A former student told me that the best teachers are usually not the best parents and the best parents are not the best teachers. I’m not convinced this has to be so. Of course, this can be the case in any profession, from coding to banking to medicine and contracting. Parents often find the work-life-family balance difficult. As Moshe’s older and wiser mentor, Yitro steps in to say that not finding this balance can jeopardize everything.
In the end, Moshe acquiesces to this fatherly advice and delegates responsibility. While commentators debate the chronology of the story, following those such as Ramban (18:1), who understand that these events took place before the giving of the Torah, makes this discussion all the more powerful.

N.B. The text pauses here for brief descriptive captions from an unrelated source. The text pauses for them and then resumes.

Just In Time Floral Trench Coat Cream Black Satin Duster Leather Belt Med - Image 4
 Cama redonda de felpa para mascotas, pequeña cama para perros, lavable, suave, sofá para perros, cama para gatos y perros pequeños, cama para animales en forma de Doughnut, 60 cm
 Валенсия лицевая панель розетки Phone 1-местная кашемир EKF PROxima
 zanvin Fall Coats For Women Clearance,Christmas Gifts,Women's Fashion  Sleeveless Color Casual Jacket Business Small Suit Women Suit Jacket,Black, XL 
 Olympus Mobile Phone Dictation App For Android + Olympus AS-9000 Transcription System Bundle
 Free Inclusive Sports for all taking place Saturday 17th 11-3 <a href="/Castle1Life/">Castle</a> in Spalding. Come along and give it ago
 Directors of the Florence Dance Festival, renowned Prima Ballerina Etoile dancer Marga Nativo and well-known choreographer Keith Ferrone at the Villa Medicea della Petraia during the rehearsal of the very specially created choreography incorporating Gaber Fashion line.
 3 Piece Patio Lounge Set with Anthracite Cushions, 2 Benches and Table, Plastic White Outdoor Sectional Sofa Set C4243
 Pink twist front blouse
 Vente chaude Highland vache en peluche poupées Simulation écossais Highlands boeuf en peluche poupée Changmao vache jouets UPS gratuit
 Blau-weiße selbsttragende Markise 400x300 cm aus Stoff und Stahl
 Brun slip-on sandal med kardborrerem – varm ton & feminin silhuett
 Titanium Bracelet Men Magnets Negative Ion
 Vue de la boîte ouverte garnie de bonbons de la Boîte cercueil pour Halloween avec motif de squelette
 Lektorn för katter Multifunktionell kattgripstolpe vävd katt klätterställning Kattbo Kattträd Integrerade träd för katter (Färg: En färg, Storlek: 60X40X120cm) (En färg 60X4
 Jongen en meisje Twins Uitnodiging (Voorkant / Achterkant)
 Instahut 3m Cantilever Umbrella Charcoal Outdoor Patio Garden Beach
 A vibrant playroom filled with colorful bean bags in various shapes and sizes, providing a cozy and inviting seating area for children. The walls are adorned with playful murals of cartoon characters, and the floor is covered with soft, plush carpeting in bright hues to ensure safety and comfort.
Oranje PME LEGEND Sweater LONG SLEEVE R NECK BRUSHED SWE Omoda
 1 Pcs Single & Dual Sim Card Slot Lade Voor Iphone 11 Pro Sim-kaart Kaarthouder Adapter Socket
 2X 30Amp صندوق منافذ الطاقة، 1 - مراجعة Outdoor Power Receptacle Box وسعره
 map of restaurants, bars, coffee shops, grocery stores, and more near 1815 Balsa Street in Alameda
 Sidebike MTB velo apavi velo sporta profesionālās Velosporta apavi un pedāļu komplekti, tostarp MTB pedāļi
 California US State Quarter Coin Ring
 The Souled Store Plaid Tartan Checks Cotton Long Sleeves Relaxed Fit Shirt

Moshe’s realization of the need to balance comes on the eve of receiving the Torah, perhaps highlighting the need for making room for our families as a prerequisite for receiving the Divine command. How can we love, be faithful, and serve God if we aren’t prepared to do the same for our families as well?
Despite a slightly confusing linguistic history, many quote the phrase, “Derech Eretz Kadma LaTorah” (see the entry in Wikipedia), which has its basis in the words of our sages. In the Passover Haggadah, most interpret the phrase “Derech Eretz” to refer specifically to marital partnership and family life. Indeed, following the simple chronology of events, Yitro came at the right time, reminding Moshe that a balanced family life of love and care is indeed critical if we are to fulfill our religious aspirations.